For the past decade, Mexico has pursued a “war on drugs” with catastrophic consequences — drug-related violence has taken the lives of tens of thousands of people. Last month, the Supreme Court of Mexico ruled that prohibiting the personal use of marijuana violates a constitutional right to the “free development of one’s personality.” The ruling, while limited to marijuana, represents an important step toward a new approach to drug policy that could help make Mexicans healthier and safer.
We hope that Brazil´s Supreme Court will follow Mexico’s example. The Brazilian court is considering whether a law that makes possession of drugs for personal use a crime violates a constitutional right to privacy. If the court strikes down the law, Brazil will join a growing list of countries that are liberalizing their policies toward drug use – from Portugal, which in 2001 decriminalized the personal use of all drugs without apparent ill effect, to Uruguay, which in 2013 became the first country fully to legalize and regulate marijuana.
Even the United States, traditionally one of the most zealous enforcers of a prohibitionist approach to drug control, is starting to soften.
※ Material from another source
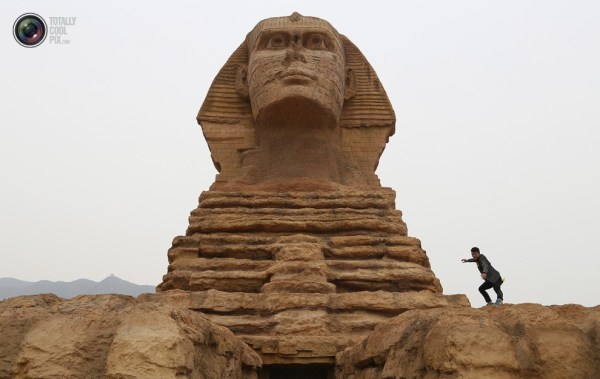 石家莊郊外，一名男子與山寨版獅身人面像合影留念。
Almost half of its 50 states have legalized marijuana in some form, and the Obama administration is taking a hands-off approach to the states’ experiments.
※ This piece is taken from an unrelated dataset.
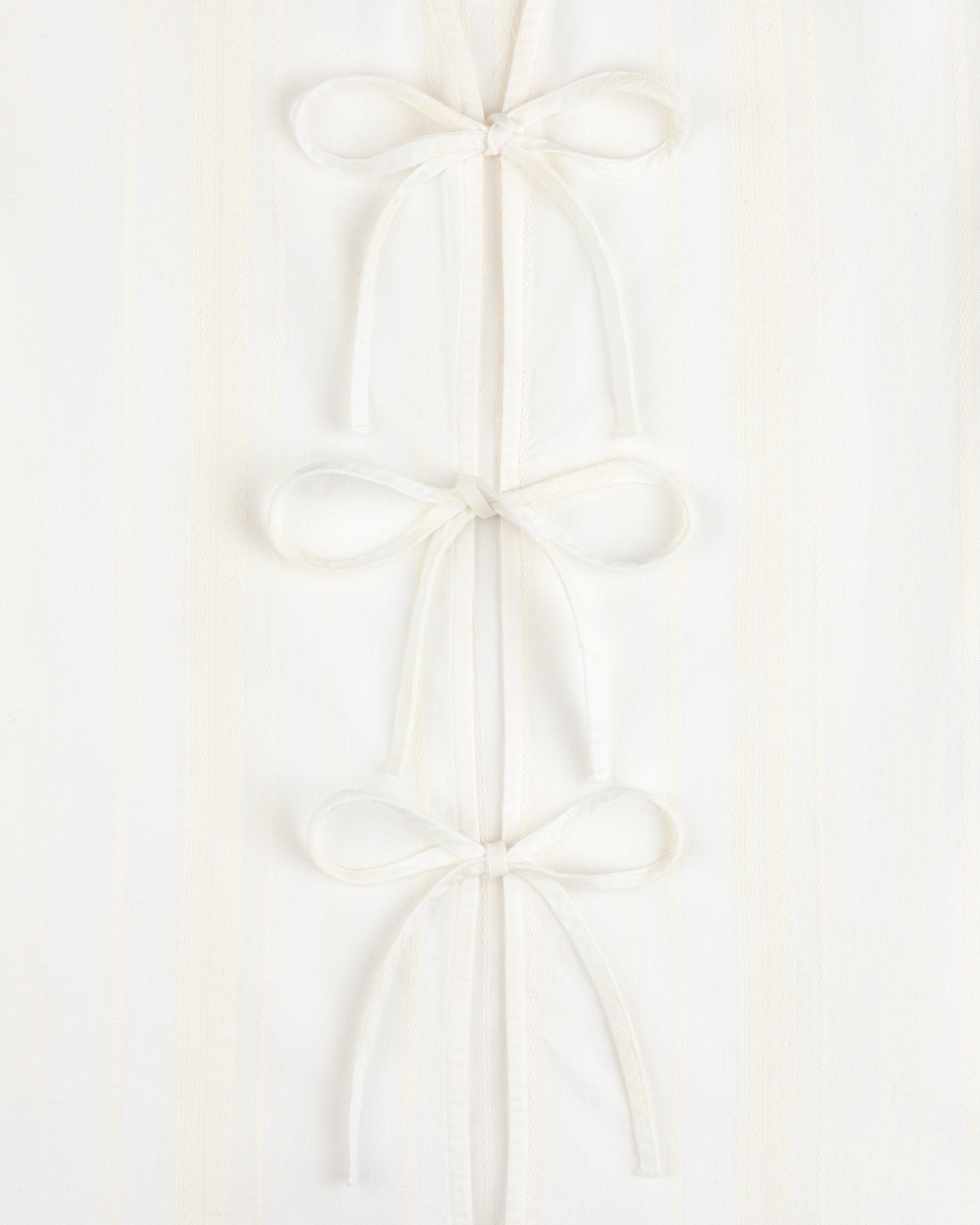 Three Jacquard Striped Tie-Front Shirts are stacked vertically on a white textured background.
The changes reflect a rising recognition that while governments have a legitimate role in minimizing the harm that drugs cause, criminalizing personal use is wasteful, counterproductive, and incompatible with respect for human rights. When people under the influence of drugs endanger others — whether driving a car, neglecting a child, or snatching a purse — criminal sanctions may be entirely appropriate. But the punishment in these cases should be for the harm done to others, not to oneself.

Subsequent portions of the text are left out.